En su soledad, emprende la tarea de levantar barricadas que la mantengan al margen del temido enemigo. Es entonces cuando piensa que ese tipo de barbaridades de la naturaleza -no merecen otro nombre- no se producen -no pueden producirse- antes de los cuarenta. Y busca ejemplos que acompañen su teoría defensiva, pero estos le obligan a ir destruyendo el muro al menos hasta los treinta. El problema es que los treinta están ya demasiado cerca: la edad no le sirve para levantar barreras.
Después de esto irá a buscar al hombre que la espera tendido en la habitación contigua y, tras recostarse muy cerca, le cuenta -otra vez- su miedo y le pregunta si debe o no preocuparse.

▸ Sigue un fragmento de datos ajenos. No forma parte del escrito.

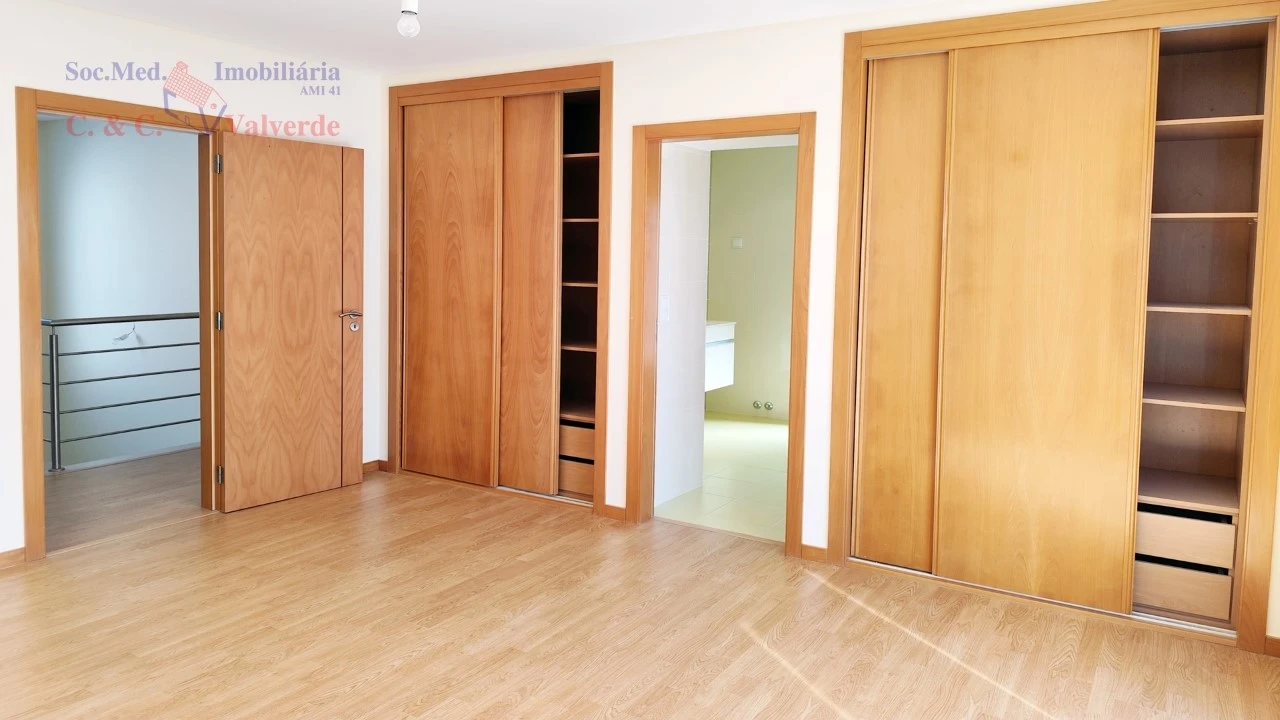 Moradia T4 para Venda em Silveira Foto 20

-No, eso no es nada -responde él, posiblemente muy cansado ya de escuchar insistentemente la misma pregunta. Si fuera algo, yo lo sabría -continua.

-Me quedo más tranquila cuando tú me lo dices -afirma ella sin demasiado convencimiento, pero intentando grabarse muy profundo que él lleva razón.

-¿Confías en mi? -pregunta él, como adivinándola en su silencio.

-Sí, claro.

Estamos a salvo, se dice, aun sabiendo que no es verdad. Y, mientras, sigue pensando en su temor. En la muerte, quizás. O en su cuerpo.